Look into joining the New Zealand Motor Caravan Association. You get a discount if you are a CC or CCC member. They have an excellent book giving sites details, their own sites and a stopover scheme with other members. Also discounts on the ferry.


----------



## Bill_OR (Feb 6, 2010)

I forgot to mention that we used a Vodafone NZ wifi dongle to stay online while on the road. We picked up the dongle at the Vodafone shop at the airport and were online straight away.

The dongle cost about $NZ70 I think (about £35) and I sold it on eBay (with no credit) for £20 on our return. Looks like the dongle is only $NZ50 now - http://www.vodafone.co.nz/mobile-broadband/all-plans/ - see the pre-pay section.

Bill


----------



## ukgreynomads (Jan 19, 2008)

A wonderful country to visit. 
Take a look at our web site www.ukgreynomads.co.uk for a day to day diary of our journey. 
We used a small company for our motorhome hire New Zealand Frontiers and the help that Kendrick Mitchell the owner gave use prior to our trip was invaluable.

Alan & Jenny


----------



## FDB (Oct 29, 2007)

We have used Maui (brand new Merc Sprinter) and Gateway. First van from Maui was an old shed which we took back, as did our friends.

Look at this site

www.rankers.co.nz

We found it very useful. Catlins (S Island) and Kaikoura for the whale watching &Coramandel ( N Island) were our high spots but everywhere we went was beautiful in different ways. DOC sites were great.


----------



## trevorf (May 16, 2005)

Click on my "blog" button below for details of our tour of south island.


Trevor


----------



## Turkeyman (Sep 20, 2010)

We "did" both islands in 5 weeks but could have spent 5 months!! After booking in for just one night at a site on the Coromandel Peninsula the owner said "SLOW DOWN, remember you're on holiday" How right he was! Take your time and enjoy the trip. There is so much to see and do but our highlight was a day trip to Kapiti Island to see the fantastic bird life.
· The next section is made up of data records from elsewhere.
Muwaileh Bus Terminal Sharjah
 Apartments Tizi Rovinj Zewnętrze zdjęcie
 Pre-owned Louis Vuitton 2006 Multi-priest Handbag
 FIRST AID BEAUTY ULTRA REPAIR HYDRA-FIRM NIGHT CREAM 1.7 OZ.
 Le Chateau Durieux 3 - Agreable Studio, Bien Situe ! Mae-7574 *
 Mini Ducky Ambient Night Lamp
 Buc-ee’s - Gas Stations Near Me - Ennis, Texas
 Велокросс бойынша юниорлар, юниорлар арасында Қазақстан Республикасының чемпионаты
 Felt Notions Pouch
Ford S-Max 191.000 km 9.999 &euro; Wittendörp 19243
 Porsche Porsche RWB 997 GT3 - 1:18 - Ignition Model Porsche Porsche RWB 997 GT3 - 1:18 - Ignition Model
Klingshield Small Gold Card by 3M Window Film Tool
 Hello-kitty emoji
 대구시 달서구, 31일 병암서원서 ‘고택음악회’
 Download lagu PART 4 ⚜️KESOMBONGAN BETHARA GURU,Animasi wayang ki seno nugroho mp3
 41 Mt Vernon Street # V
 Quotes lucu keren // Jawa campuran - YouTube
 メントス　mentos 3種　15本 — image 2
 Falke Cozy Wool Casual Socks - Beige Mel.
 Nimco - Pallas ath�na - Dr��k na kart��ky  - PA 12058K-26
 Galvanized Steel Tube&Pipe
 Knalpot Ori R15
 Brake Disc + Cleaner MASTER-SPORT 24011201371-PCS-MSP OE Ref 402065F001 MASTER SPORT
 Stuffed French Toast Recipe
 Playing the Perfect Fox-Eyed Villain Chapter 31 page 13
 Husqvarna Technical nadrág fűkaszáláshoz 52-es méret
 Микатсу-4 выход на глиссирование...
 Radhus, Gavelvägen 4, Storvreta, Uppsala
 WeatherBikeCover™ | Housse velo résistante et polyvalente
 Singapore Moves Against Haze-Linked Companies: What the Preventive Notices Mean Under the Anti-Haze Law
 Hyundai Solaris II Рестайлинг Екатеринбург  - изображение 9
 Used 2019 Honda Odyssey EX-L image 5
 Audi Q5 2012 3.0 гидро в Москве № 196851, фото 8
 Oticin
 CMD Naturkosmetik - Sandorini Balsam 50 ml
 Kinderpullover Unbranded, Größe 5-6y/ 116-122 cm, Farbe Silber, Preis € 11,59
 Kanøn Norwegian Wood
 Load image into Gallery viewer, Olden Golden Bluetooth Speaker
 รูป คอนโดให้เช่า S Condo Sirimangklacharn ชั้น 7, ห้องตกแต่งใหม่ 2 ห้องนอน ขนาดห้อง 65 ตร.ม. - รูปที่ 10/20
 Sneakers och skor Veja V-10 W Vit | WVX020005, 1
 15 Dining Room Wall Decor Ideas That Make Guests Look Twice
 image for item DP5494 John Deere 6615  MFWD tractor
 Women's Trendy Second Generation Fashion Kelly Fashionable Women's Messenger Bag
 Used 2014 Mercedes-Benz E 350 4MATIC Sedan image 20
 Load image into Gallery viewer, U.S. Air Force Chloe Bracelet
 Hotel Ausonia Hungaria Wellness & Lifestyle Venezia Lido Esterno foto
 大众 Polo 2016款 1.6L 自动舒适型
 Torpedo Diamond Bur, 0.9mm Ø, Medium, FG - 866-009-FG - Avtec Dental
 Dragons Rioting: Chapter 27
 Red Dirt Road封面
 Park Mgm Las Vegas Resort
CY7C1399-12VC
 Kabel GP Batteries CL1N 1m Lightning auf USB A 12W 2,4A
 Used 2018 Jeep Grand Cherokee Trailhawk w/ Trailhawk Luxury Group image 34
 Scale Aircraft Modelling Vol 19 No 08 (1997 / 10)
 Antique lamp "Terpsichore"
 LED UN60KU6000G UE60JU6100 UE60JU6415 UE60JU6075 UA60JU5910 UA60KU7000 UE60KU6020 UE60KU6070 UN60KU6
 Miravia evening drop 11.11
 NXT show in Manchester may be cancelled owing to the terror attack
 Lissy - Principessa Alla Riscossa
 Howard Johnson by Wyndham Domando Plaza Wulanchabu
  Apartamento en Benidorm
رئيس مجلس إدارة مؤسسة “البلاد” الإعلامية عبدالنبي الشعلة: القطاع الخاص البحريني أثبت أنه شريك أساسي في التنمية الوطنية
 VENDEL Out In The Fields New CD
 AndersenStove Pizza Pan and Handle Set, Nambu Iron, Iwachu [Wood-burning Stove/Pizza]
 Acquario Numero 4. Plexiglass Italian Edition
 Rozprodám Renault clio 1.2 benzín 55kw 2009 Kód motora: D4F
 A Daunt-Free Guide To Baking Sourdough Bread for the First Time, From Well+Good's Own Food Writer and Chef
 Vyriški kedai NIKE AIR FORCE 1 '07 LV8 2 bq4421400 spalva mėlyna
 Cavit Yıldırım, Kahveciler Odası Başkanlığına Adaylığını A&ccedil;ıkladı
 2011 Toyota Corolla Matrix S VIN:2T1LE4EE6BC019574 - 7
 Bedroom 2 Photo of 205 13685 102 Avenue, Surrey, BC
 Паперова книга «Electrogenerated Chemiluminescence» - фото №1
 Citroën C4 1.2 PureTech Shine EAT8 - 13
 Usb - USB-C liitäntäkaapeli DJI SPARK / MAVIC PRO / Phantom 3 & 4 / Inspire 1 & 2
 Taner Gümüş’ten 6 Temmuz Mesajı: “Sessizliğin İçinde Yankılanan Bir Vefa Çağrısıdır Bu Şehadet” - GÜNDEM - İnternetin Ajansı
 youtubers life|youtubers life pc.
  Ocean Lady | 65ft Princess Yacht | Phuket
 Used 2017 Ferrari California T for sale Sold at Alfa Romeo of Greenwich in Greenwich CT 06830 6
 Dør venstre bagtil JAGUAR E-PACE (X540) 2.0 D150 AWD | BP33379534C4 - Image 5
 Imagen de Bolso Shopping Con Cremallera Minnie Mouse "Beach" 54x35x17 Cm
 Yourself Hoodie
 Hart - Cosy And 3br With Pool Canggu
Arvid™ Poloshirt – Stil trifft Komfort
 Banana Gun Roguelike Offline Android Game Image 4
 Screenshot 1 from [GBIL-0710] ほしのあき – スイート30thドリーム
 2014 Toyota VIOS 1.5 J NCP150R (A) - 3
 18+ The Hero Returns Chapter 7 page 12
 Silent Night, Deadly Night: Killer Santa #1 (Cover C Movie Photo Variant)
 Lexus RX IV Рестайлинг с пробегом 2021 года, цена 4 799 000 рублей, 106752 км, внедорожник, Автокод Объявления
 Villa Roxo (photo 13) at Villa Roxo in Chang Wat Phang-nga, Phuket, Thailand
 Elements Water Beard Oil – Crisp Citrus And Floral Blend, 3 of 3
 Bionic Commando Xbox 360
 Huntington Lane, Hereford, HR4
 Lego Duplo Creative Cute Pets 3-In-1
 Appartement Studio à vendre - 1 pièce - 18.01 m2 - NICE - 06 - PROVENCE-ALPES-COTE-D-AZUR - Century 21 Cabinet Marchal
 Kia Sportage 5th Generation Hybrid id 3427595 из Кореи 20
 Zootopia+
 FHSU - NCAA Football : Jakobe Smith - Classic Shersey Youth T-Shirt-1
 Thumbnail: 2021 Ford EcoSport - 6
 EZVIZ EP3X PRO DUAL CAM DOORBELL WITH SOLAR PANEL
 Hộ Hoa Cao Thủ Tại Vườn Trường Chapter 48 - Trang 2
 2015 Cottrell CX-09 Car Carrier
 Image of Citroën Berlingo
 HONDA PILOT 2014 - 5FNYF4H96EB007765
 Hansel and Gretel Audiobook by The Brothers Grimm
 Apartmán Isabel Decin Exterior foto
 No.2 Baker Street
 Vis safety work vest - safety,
If we come up on the lotto we would be there tomorrow.[/code]


----------



## TJ101 (Oct 12, 2008)

impala666 said:


> We are planning a 6 week trip to New Zealand in 2013 probably hiring a 2 berth motorhome with shower and toilet.


A Old thread,, But how did it go ??

Doing the same,, later on this year, 
and searching for idea's and experience


----------



## Stanner (Aug 17, 2006)

TJ101 said:


> impala666 said:
> 
> 
> > We are planning a 6 week trip to New Zealand in 2013 probably hiring a 2 berth motorhome with shower and toilet.
> ...


We've been twice 5 weeks both times.

2010 did both islands from Invercargill up to Cape Reinga - knackered and fractious after 4 weeks.
2013 did 50% (bits we missed in 2010) of North Island and sometimes even stayed at the same place 2 nights running - much more relaxing.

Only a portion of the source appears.